Try it
Go to the line with "Collection of handdrawn" in the entries below and write out every line from there through the line with "DFMEI 우유잔 눈금", exactly and without pictures.

Provided records
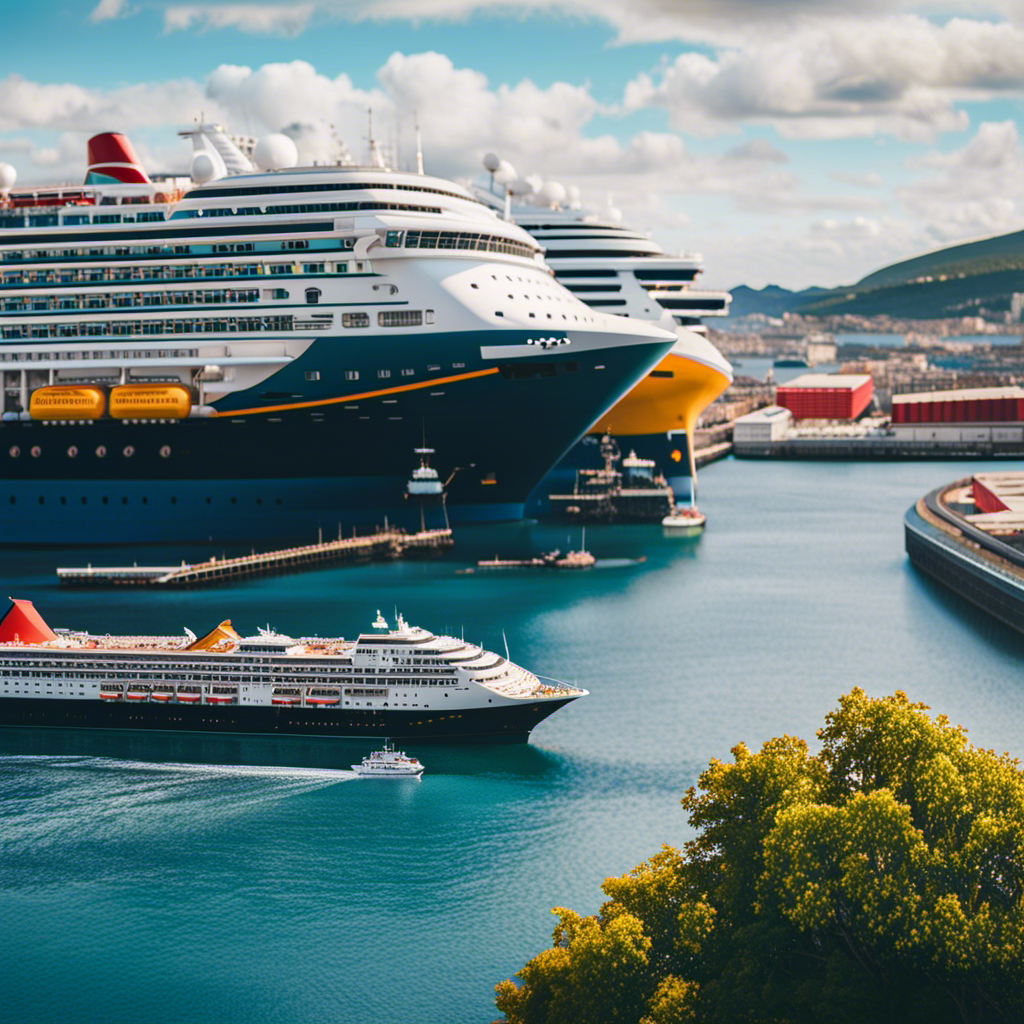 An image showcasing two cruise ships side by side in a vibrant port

---

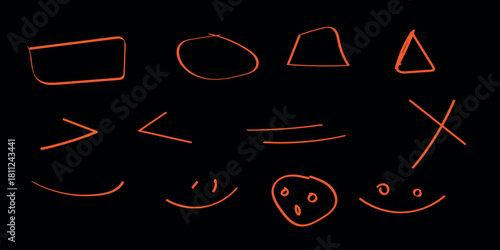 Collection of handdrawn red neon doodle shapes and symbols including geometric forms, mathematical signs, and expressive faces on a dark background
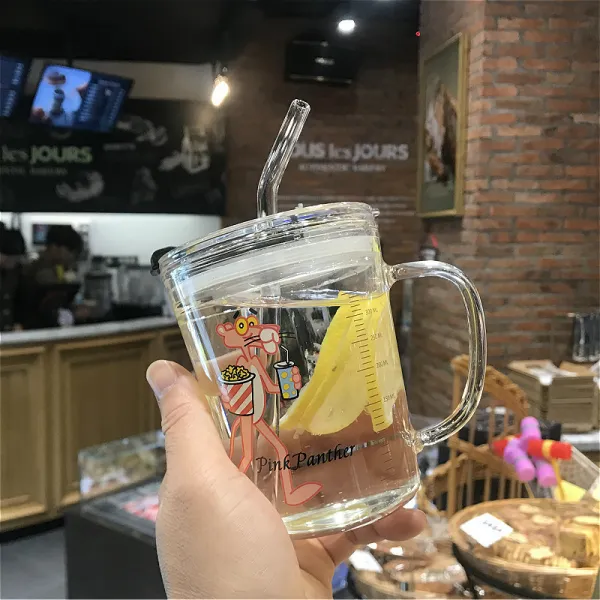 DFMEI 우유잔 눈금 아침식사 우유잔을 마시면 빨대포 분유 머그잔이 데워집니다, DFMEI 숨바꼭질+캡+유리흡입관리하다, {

...

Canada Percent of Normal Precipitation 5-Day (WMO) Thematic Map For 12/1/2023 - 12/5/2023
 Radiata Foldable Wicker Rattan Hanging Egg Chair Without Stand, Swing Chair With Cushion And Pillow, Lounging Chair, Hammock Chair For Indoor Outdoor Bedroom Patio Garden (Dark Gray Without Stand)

Solution to this exercise
 Collection of handdrawn red neon doodle shapes and symbols including geometric forms, mathematical signs, and expressive faces on a dark background
 DFMEI 우유잔 눈금 아침식사 우유잔을 마시면 빨대포 분유 머그잔이 데워집니다, DFMEI 숨바꼭질+캡+유리흡입관리하다, {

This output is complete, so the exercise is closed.